A single force produces translation, not rotation. The simplest case is a single force acting on a point mass. There is no rotation. The mass accelerates. F=ma
A rigid body acts as if all its mass is concentrated at a single point, the centre of mass. You see this with gravitation where the force acts as if the mass of the Earth was all at the centre. Applying a single force to a rigid body such that the line of action acts through the c of m has exactly the same effect as if all the mass of the body was at the centre and you were just applying it to a point mass. There is no rotation and the body just has linear motion like a point mass. There is no couple, no torque, no rotation.

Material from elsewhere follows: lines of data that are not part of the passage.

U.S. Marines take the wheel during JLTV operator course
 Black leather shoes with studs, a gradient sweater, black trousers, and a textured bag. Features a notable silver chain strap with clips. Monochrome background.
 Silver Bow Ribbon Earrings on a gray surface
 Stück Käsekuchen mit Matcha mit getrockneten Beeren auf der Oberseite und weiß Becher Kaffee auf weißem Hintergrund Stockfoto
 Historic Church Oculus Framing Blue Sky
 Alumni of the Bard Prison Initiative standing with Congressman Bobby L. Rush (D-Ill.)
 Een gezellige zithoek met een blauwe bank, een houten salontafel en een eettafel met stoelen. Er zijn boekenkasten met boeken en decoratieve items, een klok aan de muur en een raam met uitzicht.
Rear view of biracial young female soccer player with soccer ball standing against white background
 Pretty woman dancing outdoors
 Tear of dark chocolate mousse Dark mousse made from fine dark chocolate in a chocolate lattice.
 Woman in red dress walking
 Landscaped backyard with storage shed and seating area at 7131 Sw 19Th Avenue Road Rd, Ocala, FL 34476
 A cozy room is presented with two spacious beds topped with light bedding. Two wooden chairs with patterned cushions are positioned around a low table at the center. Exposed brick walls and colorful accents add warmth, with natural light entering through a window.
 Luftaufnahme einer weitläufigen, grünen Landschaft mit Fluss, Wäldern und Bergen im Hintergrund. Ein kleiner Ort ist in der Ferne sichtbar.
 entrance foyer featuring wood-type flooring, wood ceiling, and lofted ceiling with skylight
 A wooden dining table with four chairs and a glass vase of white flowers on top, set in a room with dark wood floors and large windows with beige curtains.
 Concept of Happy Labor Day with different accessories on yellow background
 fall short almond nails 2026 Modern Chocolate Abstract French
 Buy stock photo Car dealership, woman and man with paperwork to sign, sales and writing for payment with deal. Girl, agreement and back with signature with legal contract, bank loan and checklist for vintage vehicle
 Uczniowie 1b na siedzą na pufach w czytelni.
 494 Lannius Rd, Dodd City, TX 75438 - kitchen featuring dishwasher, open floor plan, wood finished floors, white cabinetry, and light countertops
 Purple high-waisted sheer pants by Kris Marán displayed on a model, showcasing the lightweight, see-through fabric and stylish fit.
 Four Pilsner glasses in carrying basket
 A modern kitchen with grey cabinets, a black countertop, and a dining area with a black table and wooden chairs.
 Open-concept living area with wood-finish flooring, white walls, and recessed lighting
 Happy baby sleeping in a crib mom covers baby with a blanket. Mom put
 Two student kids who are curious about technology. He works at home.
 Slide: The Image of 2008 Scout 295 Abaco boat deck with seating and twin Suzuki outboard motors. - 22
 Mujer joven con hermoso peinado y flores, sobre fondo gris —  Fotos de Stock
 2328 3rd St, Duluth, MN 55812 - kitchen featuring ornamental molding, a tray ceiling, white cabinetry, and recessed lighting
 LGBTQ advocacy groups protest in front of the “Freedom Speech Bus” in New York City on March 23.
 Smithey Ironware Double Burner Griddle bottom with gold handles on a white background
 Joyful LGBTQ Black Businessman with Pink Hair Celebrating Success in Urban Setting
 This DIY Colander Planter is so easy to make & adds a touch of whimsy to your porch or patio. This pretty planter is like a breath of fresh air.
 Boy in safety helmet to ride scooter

In the typical questions where you have moments of forces, you only show one force producing rotation. This is strange as I just said you need two forces
to produce rotation. What is happening in these questions using moments is that you are simplifying the diagram by removing half of the couple.
So on a beam where you have two supports (at A and B) applying upwards forces and the weight of the beam W downwards at the c of m as shown here in fig 1
only one of the forces in each couple is shown
. The other force acts at the point you take the moment of the force about. To understand this you need to think of this beam floating in space and the only force on it is the one originally labelled W downwards. fig 2. (The beam wouldn't have weight in space so just imagine someone pushing it there.) To make the beam rotate about the point B you need to apply an equal and opposite force to it at that point and hold B steady. Then you have a couple and rotation is possible. The torque (turning effect) is W x L (the same as if you took the moment of the force W about B). If there is no force acting at B, there is no couple and no turning effect. The object doesn't rotate.
rigid object can only rotate about its centre of mass. This is what the c of m is by definition. It cannot rotate about some other arbitrary point unless you constrain it to do so by applying a force at that point and fixing that point somehow, and applying a couple with a moment about that point.
So in your original question, when you say that the force through the c of m has a moment about some other point in the mass, and therefore the mass can’t be in rotational equilibrium, the fallacy is that in order to have a moment about that point, and a turning effect, there must be a couple. But where is the other force? If there is only one force, there is no couple, no moment and no turning effect.
So the problem arose because you applied the techniques of moments questions (where they work just fine) to the situation where there is only one force. The moment technique is only half the story (literally!) so when you apply it to the case of the force through the centre of mass, you are missing half the story. A single force acting through the c of m doesn't have a moment about some other point in the mass if it’s the only force acting
. You need a second force (at that point) and a couple, to provide a moment (and rotation) about that other point.
I ask that you take some time to read through this carefully a couple of times.
It would also be worth while looking up some of the theory on couple, torque and rotation of a rigid body.
I really don't have the time to go through all of that here.